Em segundo lugar, o marxismo exige absolutamente que a questão das formas de luta seja encarada sob o seu aspecto histórico. Colocar esta questão sem ter em conta as circunstâncias concretas e históricas, é ignorar o ABC do materialismo dialéctico. Em momentos distintos da evolução económica, em função das diversas condições na situação política, nas culturas nacionais, nas condições de existência, etc., diferentes formas de luta se erguem em primeiro plano, tornam-se as principais, enquanto que por repercussão os métodos secundários, acessórios, se modificam igualmente. Pensar responder sim ou não, quando a questão se põe em apreciar um meio determinado de luta, sem examinar em detalhe as circunstâncias concretas do movimento no ponto preciso onde se chegou – será esquecer completamente a posição marxista.
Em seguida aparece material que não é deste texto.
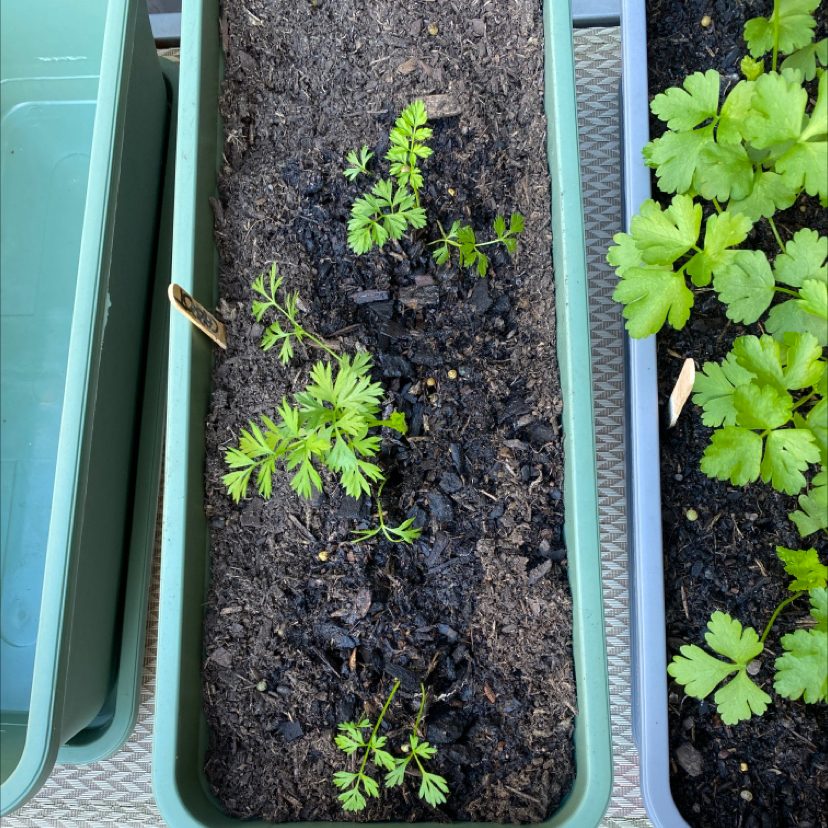 Rectangular planter with young Wild Carrot plants in dark, moist soil.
Estes são, teoricamente, os dois princípios essenciais que nos devem guiar. A história do marxismo na Europa ocidental dá-nos inúmeros exemplos em apoio do que se acaba de dizer. A social-democracia europeia considera actualmente o parlamentarismo e o movimento sindical como as principais formas de luta; outrora, reconhecia a insurreição e está ainda perfeitamente disposta a reconhecê-la futuramente em conjunturas modificadas – contrariamente ao que pensam os burgueses liberais, do género dos cadetes russos e dos «sans étiquette»[1]. A social-democracia rejeitou, entre 1870 e 1880, a greve geral considerada como panaceia social, enquanto meio de derrubar de improviso a burguesia por uma outra via sem ser a política; mas a social-democracia admite perfeitamente a greve política de massa (sobretudo depois da experiência feita na Rússia em 1905) como um dos meios de luta, indispensável em certas condições. A social-democracia admitia os combates de barricadas nas ruas em 1840-1850; rejeitava este meio, por motivo de determinadas circunstâncias, no fim do século XIX; declarou-se pronta a rever esta última posição e a admitir a utilidade dos combates de barricadas, depois da experiência de Moscovo que, segundo os termos de K. Kautsky, criou uma nova táctica de barricadas.

II

Depois de expostos os princípios gerais do marxismo sobre este assunto, passemos à revolução russa. Recordemos o desenvolvimento histórico das formas de luta que ela sugeriu. No princípio, greves económicas de operários (1896-1900); em seguida, manifestações políticas de operários e de estudantes (1901-1902), revoltas de camponeses em 1902, depois as primeiras greves políticas de massa, combinadas diversamente com manifestações (Rostov 1902, greves do Verão de 1903 e de 22[9] de Janeiro de 1905); greve política estendida a toda a Rússia, com combates de barricada em certos locais (Outubro de 1905); luta de barricadas generalizada e insurreição armada (Dezembro de 1905); luta parlamentar pacífica (Abril-Junho 1906); amotinações parciais no exército (Junho 1905-Junho 1906); revoltas parciais de camponeses (Outono 1905 e Outono de 1906).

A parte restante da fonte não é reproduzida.